Now the operator is actually diagonalizable over the reals by Galois theory:
a complex vector is an eigenvector iff its conjugate is,
so real part is (as is the imaginary part, as a real vector; mult by i!).
More concretely, diagonalize using real part of diagonalizing matrices.
(A priori you may be worried that the real part of purely imaginary eigenvector
yields a zero (so you don't get a non-zero eigenvector),
but you can take the imaginary part instead.)
Alternatively, you can just show that it has an eigenvector using Galois theory,
and then use semisimplicity.
%%%%%%%%%%%%%%%%%%%%%%%%%%%%%%%%%%%%%%%%%%%%%%%%%%%%%%%%%%
\subsection{Complex: commuting operators}
I don't understand normal operators geometrically or topologically;
I do understand commuting operators though.
A commuting pair of operators, or more generally a commutative algebra,
behaves in many ways like a single operator (resp., a $1$-dimensional algebra).
These statements and proofs all work for larger commuting family,
meaning both ``$k$ commuting operators'',
and more abstractly, a commutative $K$-algebra,
without distinguished basis, but the notation gets ickier,
so we will usually prove just for a pair.

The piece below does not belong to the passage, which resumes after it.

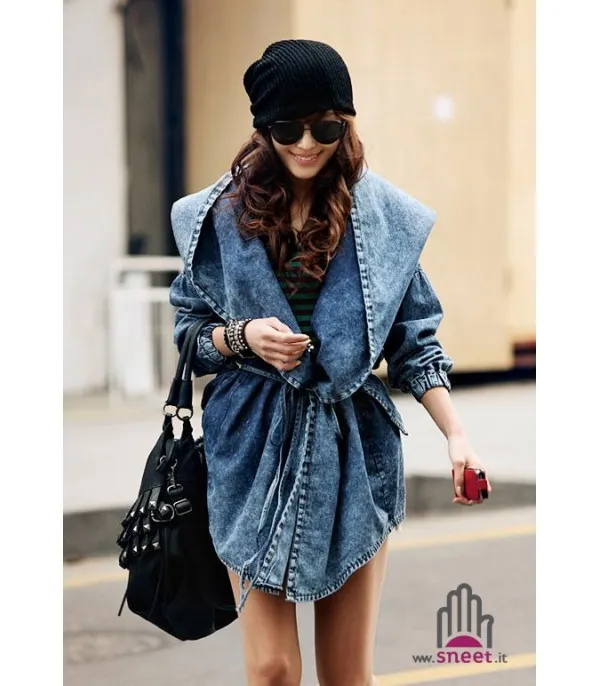 Trench jania in denim blue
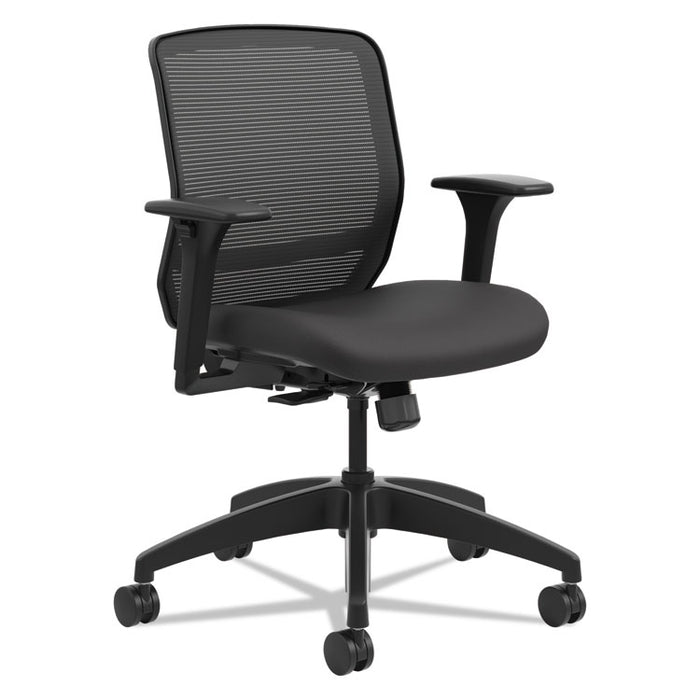 Quotient Series Mesh Mid-Back Task Chair, Supports up to 300 lbs., Black Seat/Black Back, Black Base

Note that the inductive proofs assume a choice of basis for the algebra.
For all of these, we need only common eigenvector,
as we can then induct to get common flag
(commuting is preserved under quotients).
Sometimes we can prove that they preserve a common flag directly?
\subsubsection{Structure of a single operator}
Recall structure of a single operator.
\begin{thm}[Existence of eigenvector]
An operator $T$ on a complex finite dimensional vector space $V$
has a non-trivial eigenvector $v$.
\end{thm}
\begin{thm}[Orthonormal basis for a flag]
Given a Hermitian form, a complete flag has a unique orthogonal set of axes,
and a unique orthonormal basis adapted to the flag
(up to multiplication by $U(1)\times \dots \times U(1)$).
\end{thm}
indeed, preserves a flag:
\begin{thm}[Schur decomposition (abstract)]
An operator $T$ on a complex finite dimensional vector space $V$
preserves a complete flag.
\end{thm}
\begin{proof}
$T$ has an eigenvector
\end{proof}
\begin{thm}[Schur decomposition (matrix)]
Every square matrix over the complex numbers is unitarily upper-triangulizable:
it is conjugate to an upper triangular matrix by unitary ones.
\end{thm}
The matrix proof follows immediately from the abstract form
by translating everything into matrix terms.
\subsubsection{Common eigenvector}
A common eigenvector for $T$ and $U$ is a vector $v$ such that
$Tv=\lambda v$ and $Uv = \mu v$; the eigenvalue is $(\lambda,\mu)$.
Indeed, $v$ is an eigenvector for the entire algebra $A$ generated by
$T$ and $U$, so we get a map $\lambda\from A \to K$
, and we call this the
eigenvalue\footnote{Though this term is used for a rather differnet problem.}.
\begin{defn}
Given a module $M$ over a $K$-algebra $A$, a eigenvector is a vector $v$
such that for all $a \in A$, $av = \lambda(a)v$ for some map of $K$-algebras\footnote{Meaning $K < A \mapsto K$, and it respects addition and multiplication; it's not just a map of vector spaces.}
$\lambda\from A \to K$; we call $\lambda$ the eigenvalue.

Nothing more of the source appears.